START Input records

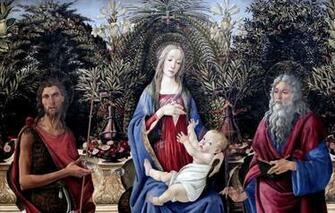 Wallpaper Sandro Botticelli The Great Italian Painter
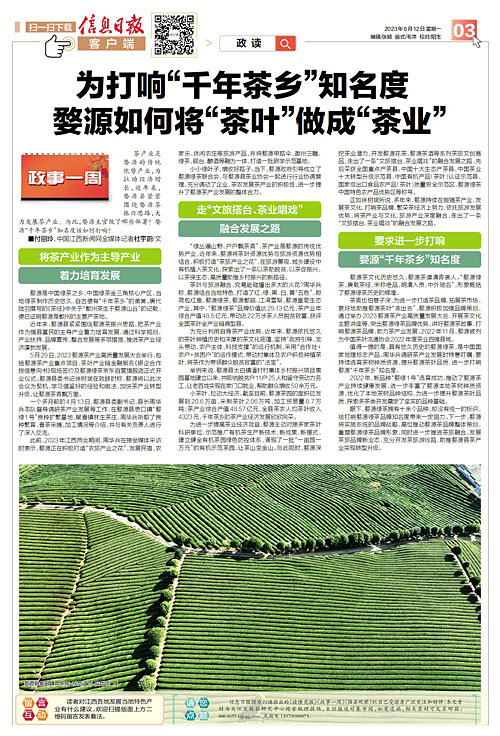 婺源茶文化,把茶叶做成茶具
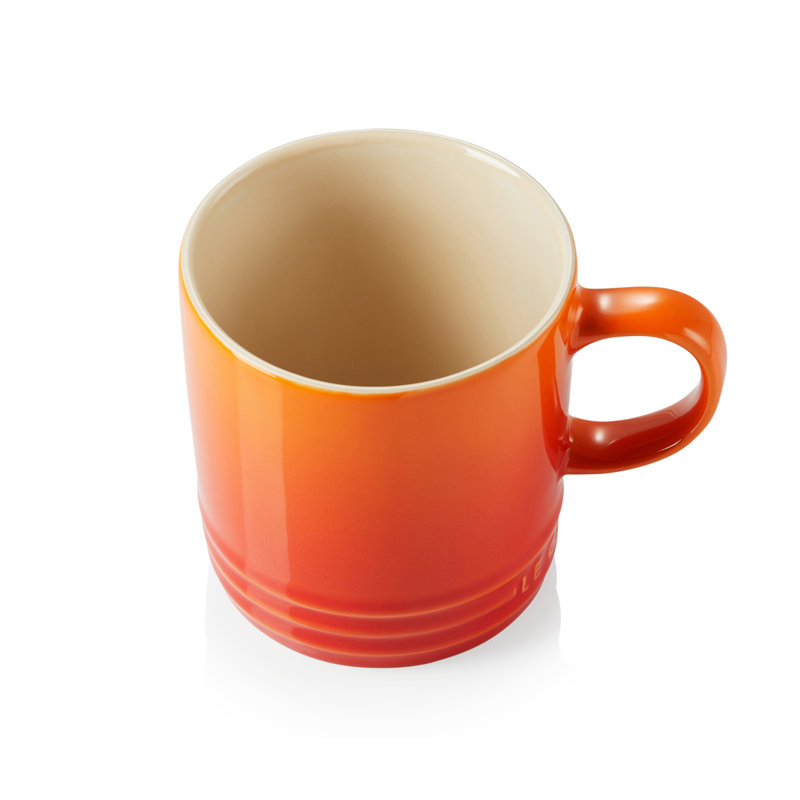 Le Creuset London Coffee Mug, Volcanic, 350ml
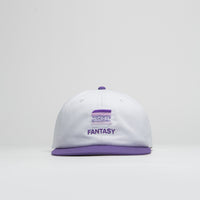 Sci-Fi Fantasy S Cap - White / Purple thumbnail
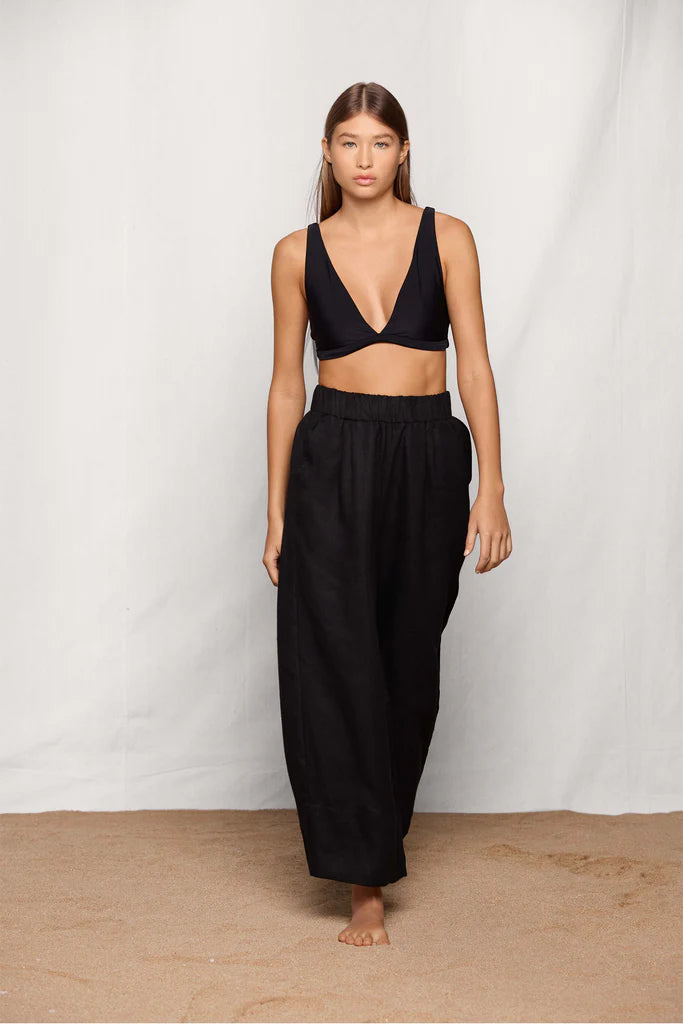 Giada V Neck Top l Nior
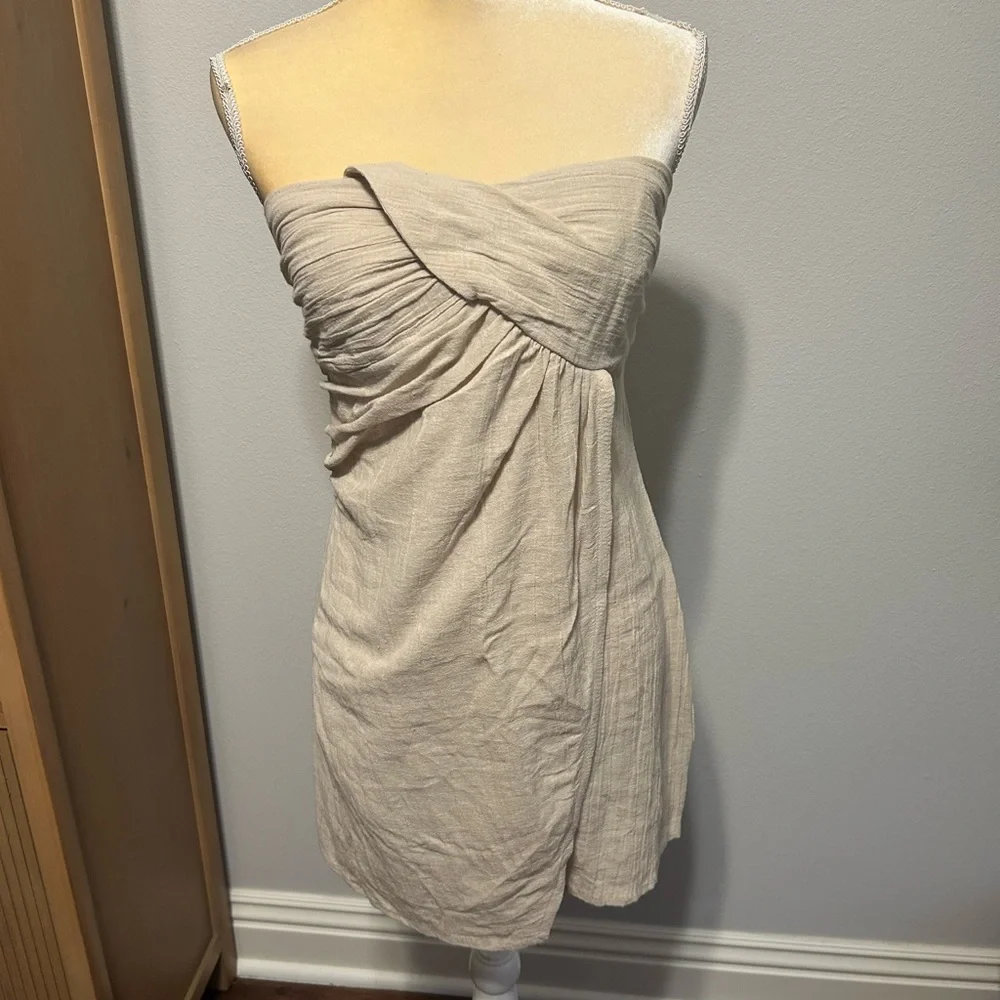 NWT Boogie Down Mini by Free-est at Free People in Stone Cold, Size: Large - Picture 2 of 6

END Input records
START Input records

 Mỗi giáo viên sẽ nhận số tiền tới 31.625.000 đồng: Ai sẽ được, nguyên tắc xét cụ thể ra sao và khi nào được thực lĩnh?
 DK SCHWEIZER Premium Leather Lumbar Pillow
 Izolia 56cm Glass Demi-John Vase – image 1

END Input records
START Input records

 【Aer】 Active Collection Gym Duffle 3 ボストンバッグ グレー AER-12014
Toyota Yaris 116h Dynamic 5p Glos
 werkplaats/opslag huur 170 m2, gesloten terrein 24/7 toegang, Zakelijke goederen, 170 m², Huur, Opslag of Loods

END Input records

→ **Task statement**:
All lines in the listing above from the line containing "Toyota Yaris 116h Dynamic 5p Glos" to the line containing "werkplaats/opslag huur 170", inclusive, should be retyped exactly; no other lines should appear.

→ **Answer section**:
Toyota Yaris 116h Dynamic 5p Glos
 werkplaats/opslag huur 170 m2, gesloten terrein 24/7 toegang, Zakelijke goederen, 170 m², Huur, Opslag of Loods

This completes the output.